Controversial FutureGen Gets Second Chance
FutureGen, a carbon capture and sequestration project that was abandoned by the Bush Administration, is getting a second chance to prove its technology.
The Department of Energy may put about $1 billion into the public-private partnership, which plans to build a coal-fired power plant in Illinois that buries its carbon emissions deep underground, reports the New York Times.
The FutureGen Alliance is a consortium of major utilities, including American Electric Power Co. Inc. and Peabody Energy Corp. The new plant would use a process known as integrated gasification combined cycle (IGCC) technology, coupled with greenhouse gas emission controls, to provide a new blueprint for coal-fired electricity.
The new agreement between DOE and FutureGen does not guarantee an outcome.
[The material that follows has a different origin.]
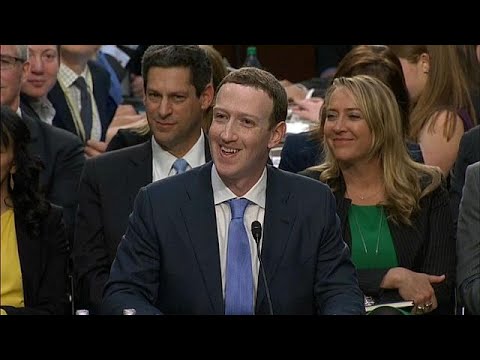 زوكربرغ يتعرض للإحراج في جلسة الكونغرس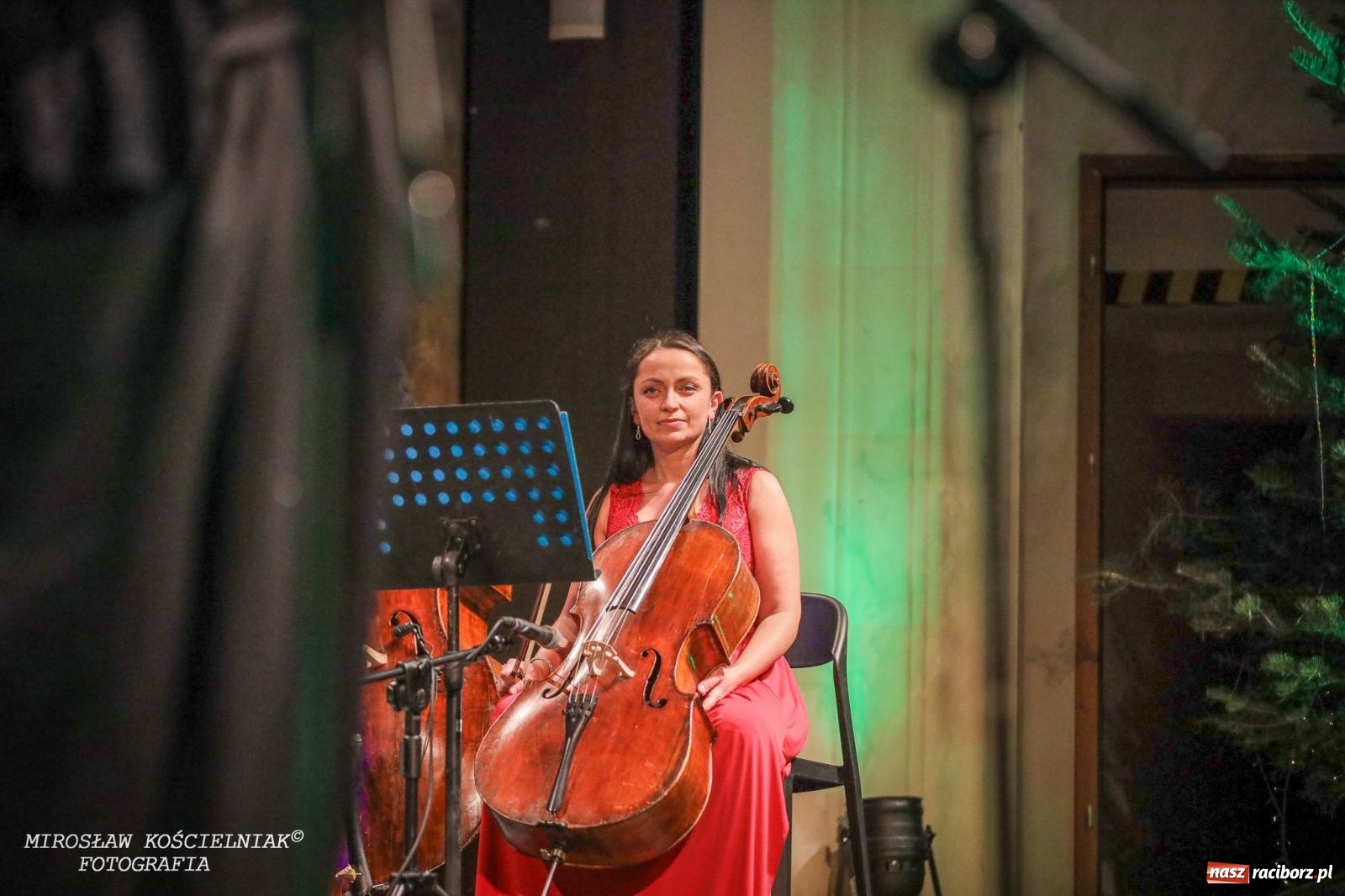 Zdjęcie w galerii na portalu naszraciborz.pl: Koncert Noworoczny w RCK. Zapraszali starosta i prezydent [FOTO i WIDEO] wiadomości z regionu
Rather, the first step is for FutureGen and the feds to come up with a plan to prove the feasibility. After that, initial steps would include:
- restarting design work
- updating the cost estimate
- expansion of the private sponsorship group
- devising a new analysis of underground regions suitable for sequestering emissions.
The coal industry, which has been pushing a “clean coal” marketing and public relations message, is hopeful for a solution, such as carbon capture and sequestration, that would allow it to continue adding power plants.
The Bush Administration had dismissed the FutureGen project in January 2008 after finding that costs had risen to $1.8 billion, up from $950 million. Later, it was revealed that a math error resulted in an overstatement of the cost increase. Instead, costs had risen to $1.3 billion, reports the New York Times.
Even as of June last year, the Department of Energy was considering keeping its investment in FutureGen, but later the Bush Administration decided against it.